Do you see any difference in runtimes? Why is that?
Hint: You can set the
environment variable OMP_SCHEDULE to choose
which loop schedule you want while having only one copy of OpenMP
code. See details at OpenMP
Loop Scheduling.
(d) (20 points) Distributing nodes to threads may result in load
imbalance if the input graph is a power-law graph (why?). To address
this issue, we can distribute edges to threads so that edges from a
high-degree node can be handled by different threads. Before that,
we need a version that directly iterate over edges:
- Add an array in your CSR representation for graphs to keep
track of the source nodes for edges.
- Change your SSSP code from (a) so that it loops through all
edges directly, similar to the following:
converged
= false;
start_time = ...
/* Bellman-Ford computation over
edges */
while(!converged) {
for each edge e in g {
/* update distance(e.dst)
using CAS */
}
}
end_time = ...
exec_time = end_time -
start_time;
(e) (30 points) Parallelize the code you derived in (d) with OpenMP.

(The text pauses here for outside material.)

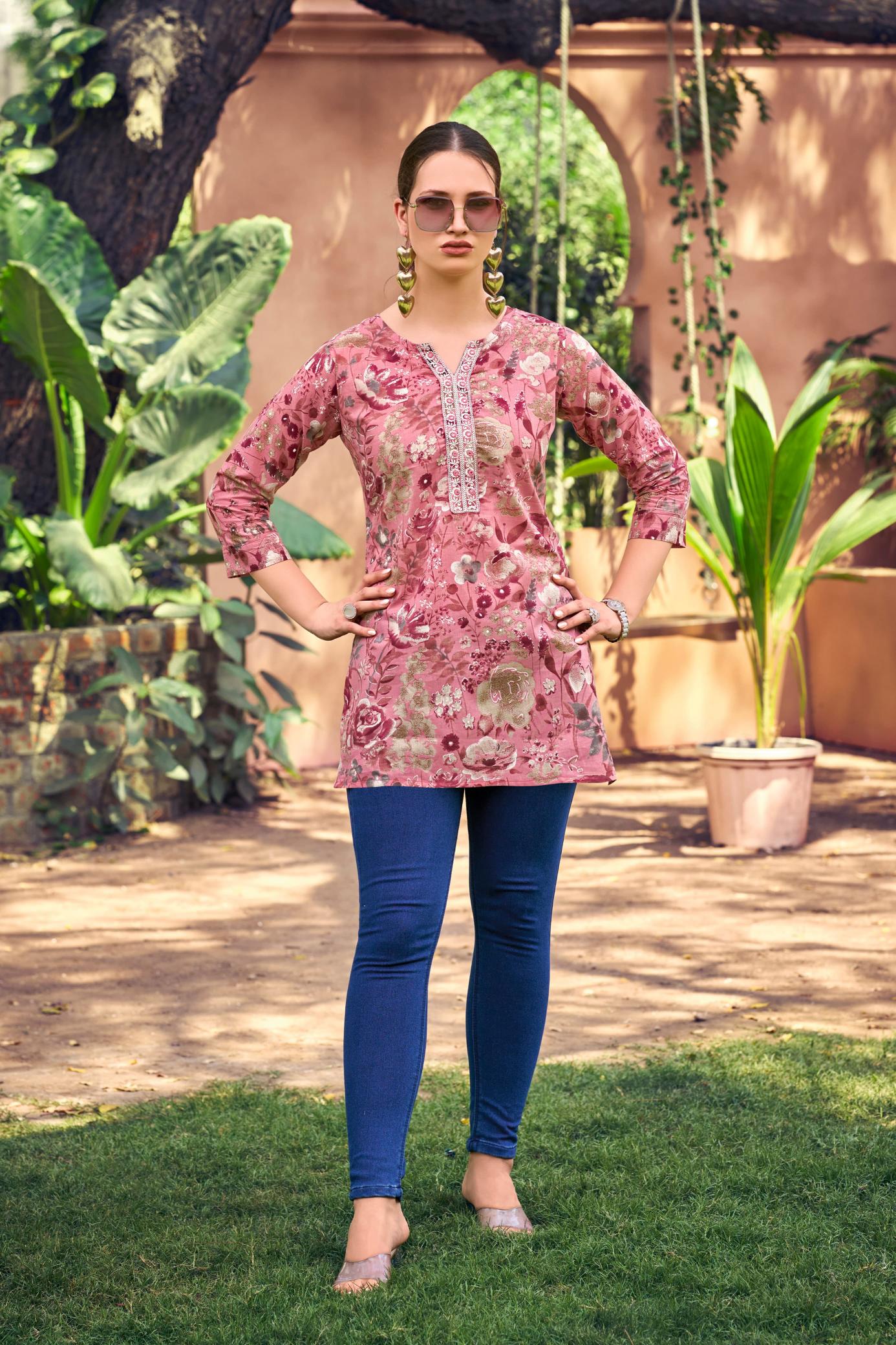 Tips & Tops Cotton Candy Vol 6 Catalog kurti tops online shopping india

Measure the runtime with the following loop schedules over edges: (static,1),
(static,8), (static,32), (static,128),
(static,512), (dynamic,1), (dynamic,8),
(dynamic,32), (dynamic,128), and (dynamic,512).

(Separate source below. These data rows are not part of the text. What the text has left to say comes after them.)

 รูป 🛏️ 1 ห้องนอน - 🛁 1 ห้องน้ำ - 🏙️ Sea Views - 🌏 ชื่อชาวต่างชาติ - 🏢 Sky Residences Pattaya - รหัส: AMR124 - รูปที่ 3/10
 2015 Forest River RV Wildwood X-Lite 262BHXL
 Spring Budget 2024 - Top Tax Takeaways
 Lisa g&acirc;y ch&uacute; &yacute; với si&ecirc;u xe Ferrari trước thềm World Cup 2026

Do you see any difference in runtimes? Why is that? Again, the
measured runtime should contain only Bellman-Ford computation, i.e.

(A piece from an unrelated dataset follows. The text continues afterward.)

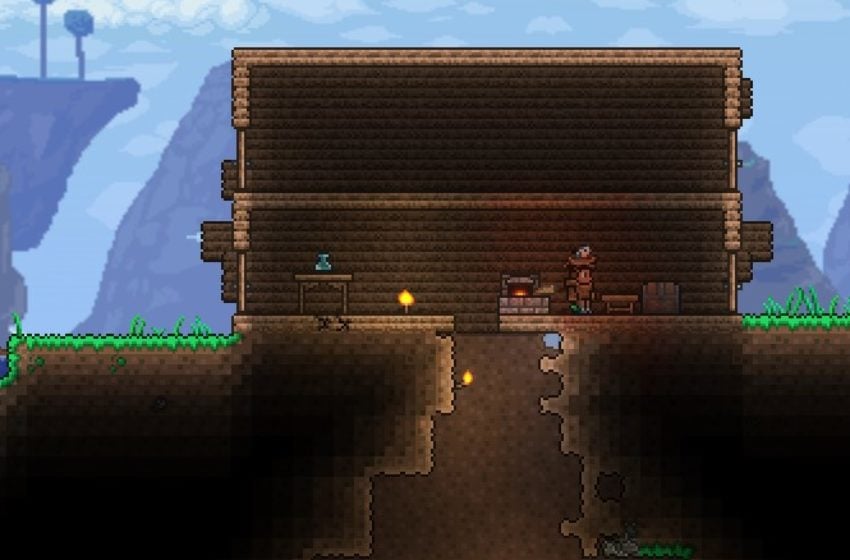 How to Build a Furnace and Smelt Ore in Terraria?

without graph construction, thread creation/join, initialization and
printing results. Your code will be similar to the following:
#pragma omp parallel [other clauses]
{
start_time = ...
/* your Bellman-Ford code
from part (d) */
end_time = ...
exec_time = end_time -
start_time;
}
What to turn in:
- The code for all subproblems.
- Draw a bar graph showing the serial runtimes for all 4 input
graphs.
- For each input graph, draw four x-y scatter graphs, in each of
which x-axis shows the number of threads used, and y-axis the
speedup you observed. In the first x-y scatter graph, report the
speedup curves for all 5 chunk sizes using static loop schedules
and nodes as work units. In the second x-y scatter graph, report
the speedup curves for all 5 chunk sizes using dynamic schedules
and nodes as work units. Produce another two x-y scatter graphs
but using edges as work units. Speedup is computed as
(runtime of serial code in assignment 5) / (runtime of OpenMP
code with N threads).
- Explain the runtime and speedup numbers you get by input
graphs, work unit, loop schedule, true/false sharing, and
required synchronization.
Submission
Submit to canvas a .tar.gz file with your code for each subproblem
and a report in PDF format. In the report, state both of your
teammates clearly, and include all the figures and analysis. Include
a Makefile so that I can compile your codes by make [PARAMETER].
Include a README.txt to explain how to compile your code, how to run
your program, and what the outputs will be.
Notes
- [04/19/2018] You should run your versions of OpenMP codes with 1, 2, 4, and 8 threads and compute the speedup numbers.